2. Compulsory arbitration. In its previous comments, the Committee observed that the new Labour Code, in sections 350 and 362, allows compulsory arbitration in instances which go beyond essential services in the strict sense and in situations which cannot be deemed to constitute an acute national crisis. According to section 362, a strike is unlawful when it occurs either during the course of mediation or after notification of the Minister of Labour’s decision to refer the dispute to arbitration under the conditions set in section 350, or following the award of the Arbitration Council. The Committee noted in this connection that under section 350, the Minister of Labour may decide to refer a collective dispute to arbitration at any time, in light of the circumstances and impact of the dispute, and when he considers the strike to be prejudicial to public order or contrary to the general interest.

The Committee notes that in its report, the Government states that strikes are not prohibited and are one of the levers of freedom of association laid down in the Labour Code.

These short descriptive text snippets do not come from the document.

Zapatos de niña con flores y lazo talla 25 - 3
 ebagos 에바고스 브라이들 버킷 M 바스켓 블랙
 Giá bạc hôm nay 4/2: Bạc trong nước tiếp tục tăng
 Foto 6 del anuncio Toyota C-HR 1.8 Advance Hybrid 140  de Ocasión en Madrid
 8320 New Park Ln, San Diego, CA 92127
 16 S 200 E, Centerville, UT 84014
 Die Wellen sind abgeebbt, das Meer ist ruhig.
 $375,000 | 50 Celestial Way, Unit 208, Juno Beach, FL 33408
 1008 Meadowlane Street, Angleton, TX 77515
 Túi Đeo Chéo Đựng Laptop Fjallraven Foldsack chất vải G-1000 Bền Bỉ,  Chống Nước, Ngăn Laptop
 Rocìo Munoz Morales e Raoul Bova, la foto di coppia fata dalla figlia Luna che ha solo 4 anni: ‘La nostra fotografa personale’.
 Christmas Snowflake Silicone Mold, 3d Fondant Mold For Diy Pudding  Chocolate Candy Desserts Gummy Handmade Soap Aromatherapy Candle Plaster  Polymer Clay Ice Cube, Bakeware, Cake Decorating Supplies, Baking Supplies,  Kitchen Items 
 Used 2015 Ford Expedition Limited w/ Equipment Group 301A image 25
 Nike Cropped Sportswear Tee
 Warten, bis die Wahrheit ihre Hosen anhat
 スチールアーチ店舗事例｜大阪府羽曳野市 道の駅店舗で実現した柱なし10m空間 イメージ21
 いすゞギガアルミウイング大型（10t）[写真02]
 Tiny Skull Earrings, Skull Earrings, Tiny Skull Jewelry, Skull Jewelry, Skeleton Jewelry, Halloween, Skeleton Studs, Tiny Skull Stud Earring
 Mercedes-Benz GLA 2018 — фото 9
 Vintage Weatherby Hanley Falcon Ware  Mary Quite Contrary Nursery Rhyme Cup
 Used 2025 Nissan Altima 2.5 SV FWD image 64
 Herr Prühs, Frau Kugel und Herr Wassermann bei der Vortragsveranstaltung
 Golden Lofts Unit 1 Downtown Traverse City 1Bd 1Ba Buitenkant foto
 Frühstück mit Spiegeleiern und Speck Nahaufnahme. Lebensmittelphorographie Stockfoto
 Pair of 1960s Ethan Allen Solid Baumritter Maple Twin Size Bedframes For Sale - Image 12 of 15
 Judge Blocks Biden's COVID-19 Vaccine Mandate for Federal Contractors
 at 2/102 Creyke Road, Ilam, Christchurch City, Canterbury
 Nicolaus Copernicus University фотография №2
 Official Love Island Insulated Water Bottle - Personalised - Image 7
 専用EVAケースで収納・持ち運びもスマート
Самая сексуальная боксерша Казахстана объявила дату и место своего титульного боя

Furthermore, the Minister decides to resort to arbitration only where he deems the strike to be prejudicial to public order or contrary to the general interest, i.e. to essential services, after mediation and conciliation proceedings have been exhausted.

The Committee nonetheless points out that the prohibition or restriction of the right to strike by means of compulsory arbitration can be justified only in the cases of: (1) essential services in the strict sense of the term, that is, services the interruption of which would endanger the life, personal safety or health of the whole or part of the population; (2) an acute national crisis, and then only for a limited period and to the extent necessary to meet the requirements of the situation. The Committee again asks the Government to take the necessary steps to amend the relevant provisions of the Labour Code so as to limit the prohibition on strikes by means of compulsory arbitration to essential services in the strict sense of the term and to situations of acute national crisis.

3. Duration of mediation. Lastly, with regard to the prohibition on strikes for the duration of the mediation procedure established in section 362 of the Labour Code, the Committee pointed out that it is possible to require the exhaustion of conciliation and mediation procedures before a strike may be called on condition that the procedures are not so complex or slow that a lawful strike becomes impossible in practice or loses its effectiveness. The Committee observed in its last observation that the maximum period of 120 days for mediation provided in the Labour Code appeared too long in this respect. The Committee notes that in its report, the Government states that it could envisage reducing the maximum of 120 days in order to meet the Committee’s demands and that a committee is to be set up to draft implementing legislation for the Labour Code. The Committee requests the Government to report on the progress of the above committee’s work and to inform it of the measures taken or envisaged to amend section 346 of the Labour Code.

The Committee is addressing a direct request to the Government on other matters.